■ **What the task asks**:
Give a verbatim copy of the lines below, minus the pictures.

■ **Information shown**:
====

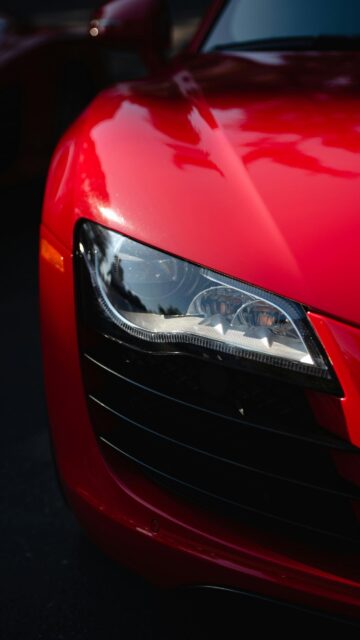 Red Audi R8 Sports Car Front Headlight Macro Mobile Wallpaper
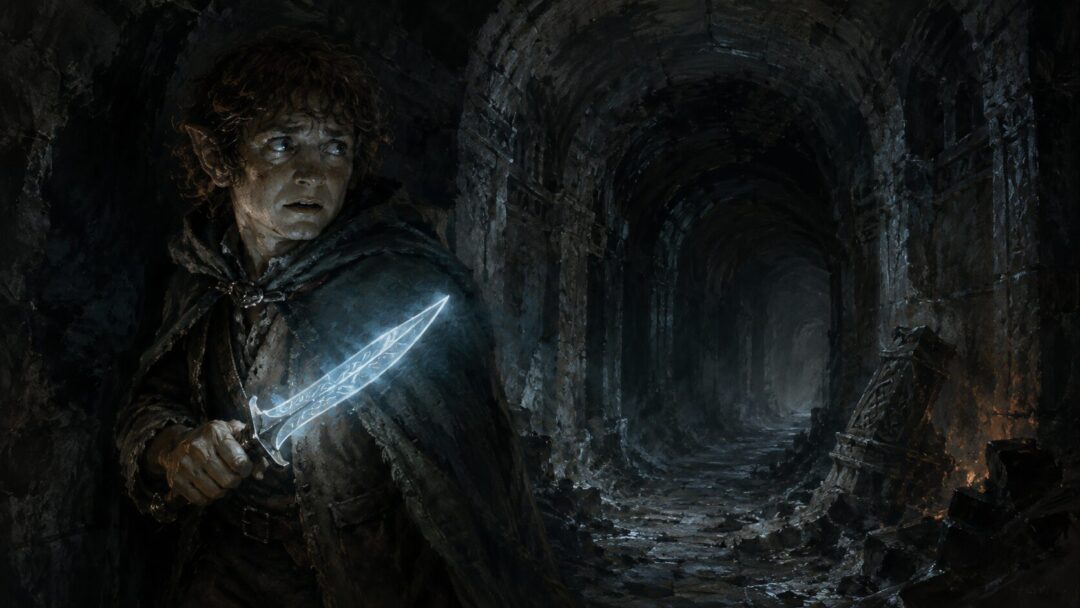 A hobbit traveler holds Sting as it shines blue in a silent tunnel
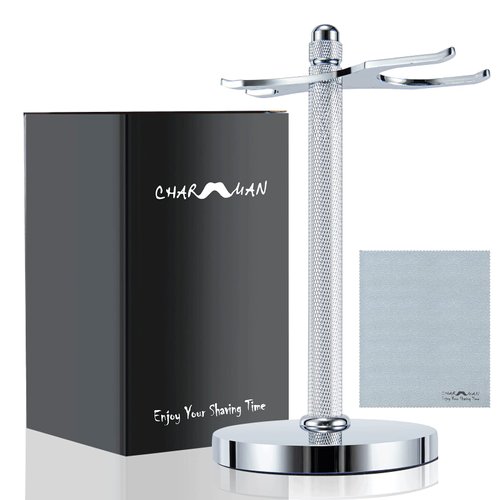 CHARMMAN Safety Razor and Shaving Brush Stand, Extra Wide Openings, Wider Base, Manly Look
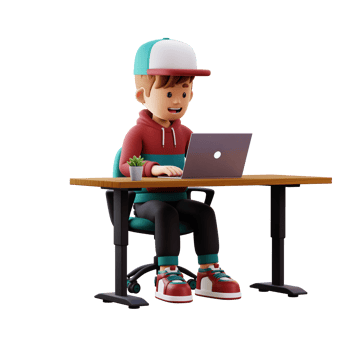 3d male character working on a laptop png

====

■ **Solution for this exercise**:
 Red Audi R8 Sports Car Front Headlight Macro Mobile Wallpaper
 A hobbit traveler holds Sting as it shines blue in a silent tunnel
 CHARMMAN Safety Razor and Shaving Brush Stand, Extra Wide Openings, Wider Base, Manly Look
 3d male character working on a laptop png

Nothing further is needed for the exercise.